Under the emerald canopy
time stretches
like salt water taffy


Funny word, that, attenuate
At Ten You Ate
Seems longer ago

I make a note
to look up attenuate
and make sure I’m
using it correctly



Prompt from @WkendWordsmith

delicious, menus, employee

You order the clams
because they are local.
Also because they are delicious,
you say.

She and I enjoy the crab,
from far, far away,
also delicious.

The menu says “market price”
and we don’t ask the employees
how much, because we know
we will order it anyway.

The tradition fulfilled for
another year.

Poetry month: Day 1 prompt – Unbroken

Working from http://www.agodon.com/uploads/2/9/4/3/2943768/writing_prompts_by_kelli_russell_agodon.pdf  for daily writing prompts, here’s day 1.

The prompt: 1. Grab the closest book. Go to page 29. Write down 10 words that catch your eye. Use 7 of words in a poem. For extra credit, have 4 of them appear at the end of a line.

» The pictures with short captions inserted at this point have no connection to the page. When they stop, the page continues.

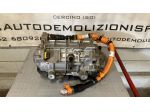 Motore elettrico posteriore Jeep Compass Hybrid 1.3 4xE del 2023 (46351609)
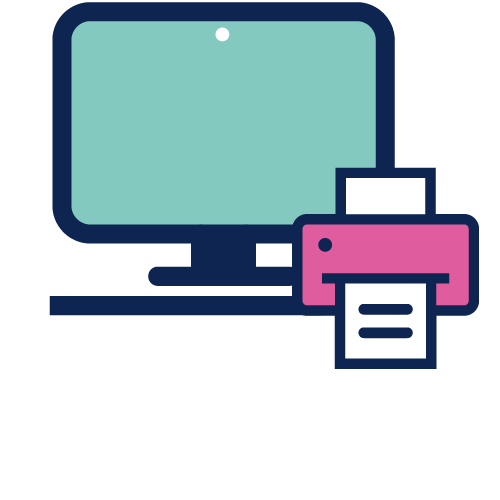 Immeuble Workstation 1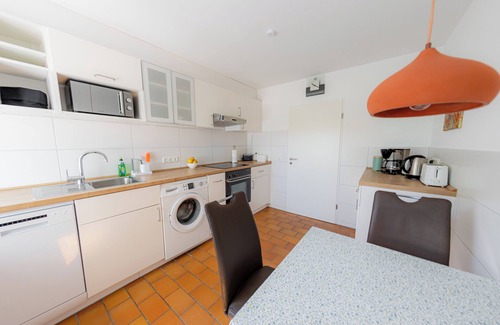 Ploen Apartment | Spacious vacation apartment at the Königsgehege Plön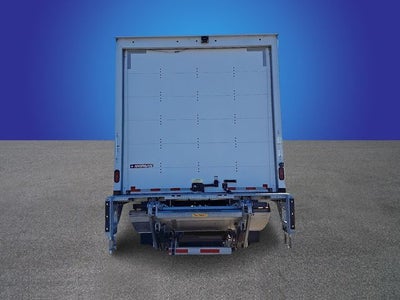 2023 Ford F-650SD Base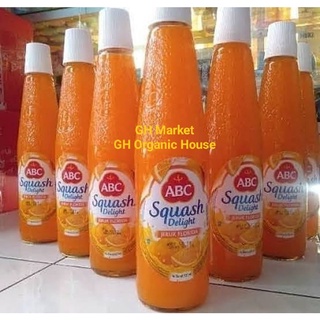 Jual Syrup Abc 525 Ml Termurah - Harga Grosir Terupdate Hari Ini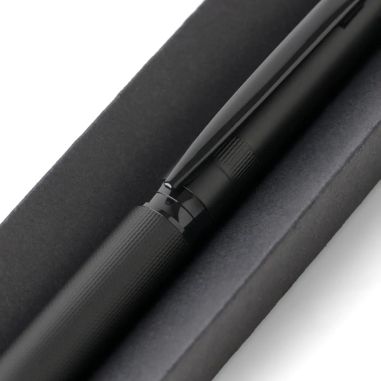 Bolígrafo de Latón con Estuche Personalizado | Goodie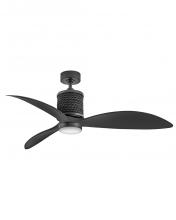 Hinkley Canada 903160FMB-LDD - Marin 60&#34; LED Smart Fan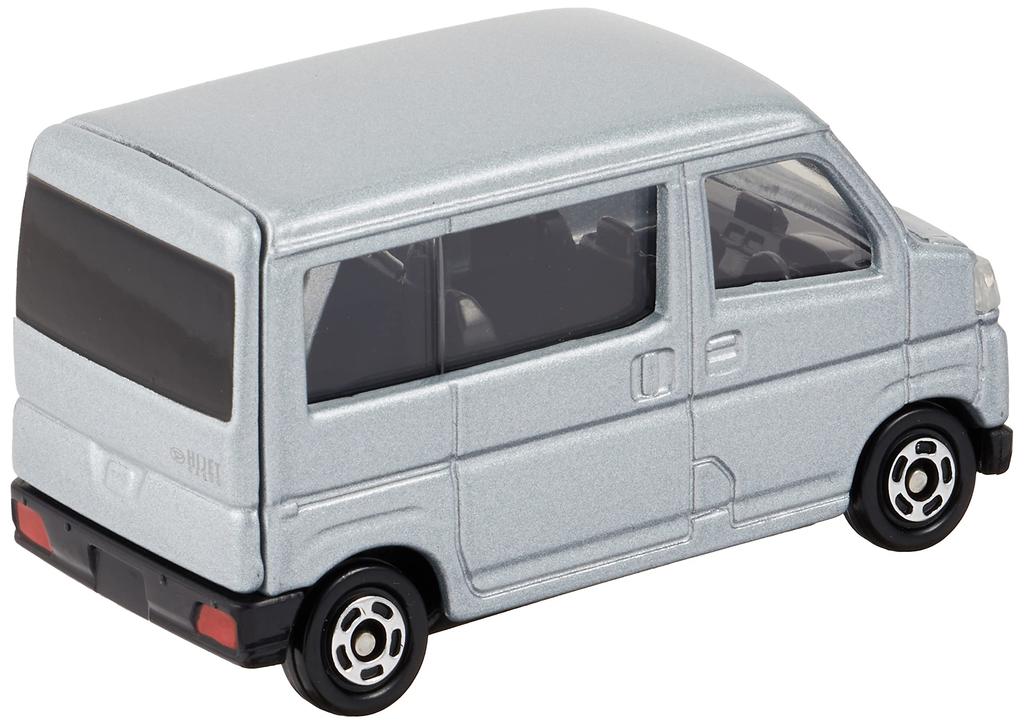 TAKARA TOMY Box 030 Daihatsu Hijet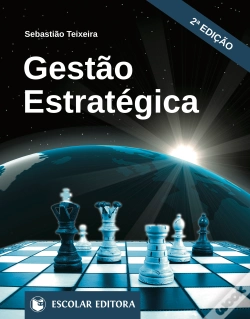 Capa do artigo Gestão Estratégica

High Bridge Road, Some time in September, 1991

I sit quietly
in the middle of the deserted field
the tick of the metal cooling
the moment frozen,

Silence amplified
to the point of being
almost deafening.

The engine block steams
as the toxic fluids
spill on the grass,
the anger drains away

The telephone pole, upright,
shorn off
inches from the ground
sways gently, suspended from the wires
conversations uninterrupted

Yesterday was simpler
It usually is

But you cannot go back
to the unbroken,
the unwounded,
put the oil back in the pan

So, I sit
waiting for the past to be
waiting for the future
to come slamming back,
as the engine cools,
the coolant seeps into the soil



For St. Patrick’s Day, and for Poetry Friday, here’s Green, perhaps the best poem I ever wrote:

Oh, and here’s me reading it, too, over here: https://drbacchus.com/green/

Dec 5, 2007

My favorite color?
Well, the question lacks context
and therefore meaning.

My favorite sky is
sharp aching blue,
the kind of blue you can
cut your fingers on
until they bleed into
and African Sunset
and plunge into a
deep purple African night,
with the diamonds of
faraway worlds scattered
like the dust thrown up
by the passing herds.

My favorite sea is
gray-green-blue stormy
swirling seaweed churned
from depths beyond imagining,
the sky a reflection of a
reflection of infinity,
winking back at you from
a million million miles down.

My favorite earth is the
dark maroon red brown
of the Maasai clay
brittle and cracked
under the Tsavo sun,
gummy sticky under the
monsoon rains
sweeping up from Victoria,
thundering past on their way
to green the highlands,
glisten on the tea leaves,
pound the coffee flowers
from their branches,
and drench the faces
of the beautiful children
running around in what
God dressed them in,
laughing and shouting
in a language I will never know
but that sings fluently
in the memory of my heart.

So, you see,
the question is unfair.
As well ask a man
to choose one food
to live on forever,
one wine to drink,
one song to sing,
one painting to gaze at
for all my days.

But if I must choose,
I choose the green
of the Kericho fields,
stretching to the horizon,
the beginning and ending
of my world.
The green of a
1952 Ferrari Barchetta,
with its greedy grinning grill
sucking in the wind
of a winding Italian mountain road
tires squealing around the corners,
flashing past a
sleeping countryside
content to be stuck in a simpler time.
The green of
the foothills of Ngong,
acacias and baobabs
clawing at the
dark, angry sky,
promising threatening delivering rain,
the hills singing to my heart,
come and walk our paths,
come and feel the
wind tugging at your hair
come and
lay on your back and
watch the clouds dance
across the sky,
dance from one end of the sky
to the edge of the world,
where the
blue falls back once again
into the red dust
of the far Mara horizon.
The green of my voice,
singing across the years,
telling my stories to
the attentive ears,
the deep green eyes
of the friend of my heart.

Ode to Box 1 (of 2)

IMG_20160611_101704You taunt me,
box 1 of 2.
What, and where
is box 2?

Is there even a box 2?
Is there any relation
between the utterly random
assortment of junk in you
to the cornucopia
which is box 2?

Ah, box 1
half of an unknown whole,
kept, I think, only to wait
for your long lost sibling,
languishing, somewhere,
waiting for you.




She didn’t want
to send invitations.
Why invite people you know aren’t going to come.
Seems a waste.
So her Daddy’s daughter.

It’s traditional,
says Mere,
People like to know.

She didn’t send invitations.

And now she sits,
easy to find with her purple hair,
in a mob of her classmates

awaiting a short walk,
a slip of paper,
the endnotes of this chapter
that she doesn’t really need to tell her
that the next one has started.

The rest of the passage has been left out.